Jung understood very well that one of the greatest dangers that you encounter during this experience is to become inflated, thinking that you are someone special. You become identified with the archetype instead of relating to it from the standpoint of a conscious human ego. You’ve literally gotten swallowed up and possessed by the deeper, more powerful transpersonal forces, falling totally into your unconscious. You can become truly insane, thinking, for example, that only you are Christ or Buddha, instead of recognizing that we’re all Christ or Buddha. This is the difference between someone who is truly mentally ill, who could be said to be drowning in the stormy ocean of the unconscious, compared to an accomplished mystic, who is being nurtured and nourished by swimming, surfing and snorkling in the healing waters of their psyche.
Jung understood that the thing which swings the balance one way or the other is the human egos capacity to confront and relate in a conscious way to these transpersonal forces. This is why creative work, in which you channel and transmute these deeper, very powerful, archetypal energies, is of the utmost importance.
At a certain point, the entire ordeal reveals itself to be an initiation for actualizing and giving expression to your true genius, or daimon, which is none other than your inner voice, guiding spirit and unfabricated true nature, which has never been lost. Like in a déjà vu, you remember, or discover your unique calling, your true vocation as a Bodhisattva who is here to help other beings. You become a master creative multi-dimensional artist whose canvas is life itself.

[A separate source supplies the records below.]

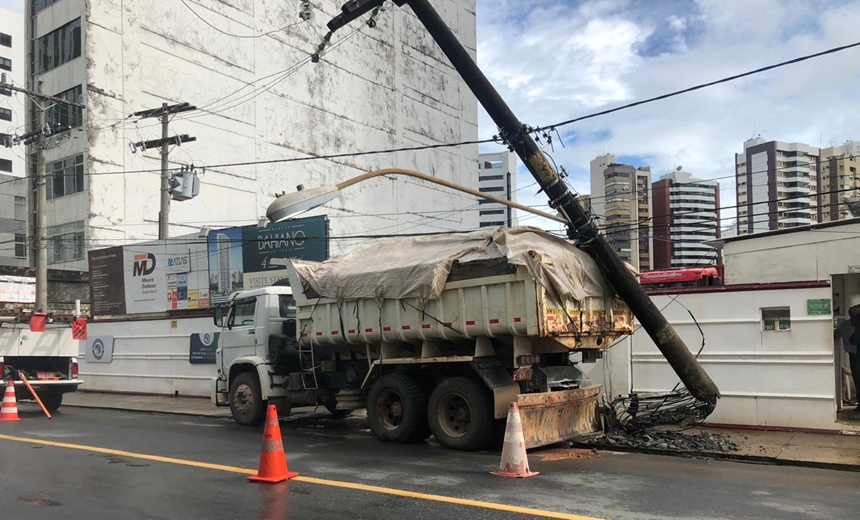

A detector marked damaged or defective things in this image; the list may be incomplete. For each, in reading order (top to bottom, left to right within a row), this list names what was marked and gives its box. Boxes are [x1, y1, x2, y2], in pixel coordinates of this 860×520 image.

broken utility pole [130, 101, 197, 240]
broken utility pole [322, 0, 720, 402]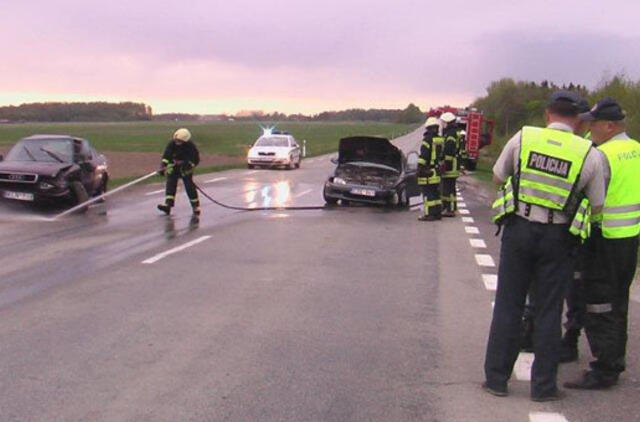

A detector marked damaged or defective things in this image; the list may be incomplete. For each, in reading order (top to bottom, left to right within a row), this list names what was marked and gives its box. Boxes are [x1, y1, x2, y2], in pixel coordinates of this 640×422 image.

burned car [0, 134, 109, 205]
damaged car front [320, 136, 420, 207]
burned car [322, 136, 422, 207]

Of course, another great danger, which I can talk about from personal experience, is to wind up in the clutches of and be diagnosed and medicated by the medical, psychiatric community, who typically have no understanding of phenomena such as spiritual emergences. One psychiatrist even diagnosed me as having the same illness as Freuds infamous “Rat Man,” saying I would need three years of intensive psychotherapy and then I would be cured! To again quote Laing, “Anyone in this transitional state is likely to be confused. To indicate that this confusion is a sign of illness, is a quick way to create psychosis….A psychiatrist who professes to be a healer of souls, but who keeps people asleep, treats them for waking up and drugs them asleep again….helps to drive them crazy.”
My final hospitalization was in September of l982, when I was flown back to New York and put in a hospital for three weeks. Instead of seeing them as a mistake that was made, I’ve been able to see the perfection of all that has happened. I now understand that the hospitalizations were in fact an aspect of the awakening; they were part of my journey to the underworld. There is a sense of accepting and embracing whatever has happened in my life, realizing it is all an initiation into the deeper mystery of my infinite and unspeakably magical being.

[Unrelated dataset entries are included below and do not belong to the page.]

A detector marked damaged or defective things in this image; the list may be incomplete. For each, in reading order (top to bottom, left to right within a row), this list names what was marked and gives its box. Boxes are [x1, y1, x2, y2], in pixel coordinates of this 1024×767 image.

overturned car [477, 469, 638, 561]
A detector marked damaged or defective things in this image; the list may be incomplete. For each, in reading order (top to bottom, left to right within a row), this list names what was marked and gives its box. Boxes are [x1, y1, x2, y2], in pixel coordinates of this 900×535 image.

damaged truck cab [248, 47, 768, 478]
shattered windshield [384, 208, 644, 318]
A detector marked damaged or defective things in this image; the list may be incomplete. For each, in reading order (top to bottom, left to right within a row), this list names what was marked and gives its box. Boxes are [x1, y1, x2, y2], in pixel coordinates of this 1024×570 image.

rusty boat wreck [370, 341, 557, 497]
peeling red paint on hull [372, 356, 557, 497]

This is not to say that there is not something called mental illness. I do wonder, though, how many cases of mental illness are actually spiritual emergences gone sour. We, as a society, need to recognize the existence of genuine spiritual emergences and learn to differentiate them from cases of psychosis. Thankfully, there is now even a small paragraph in the psychiatrists DSM IV Book (their diagnostic manual) titled “Spiritual or Religious Problem.” Might it be that we’re all at different stages of the spiritual emergence process?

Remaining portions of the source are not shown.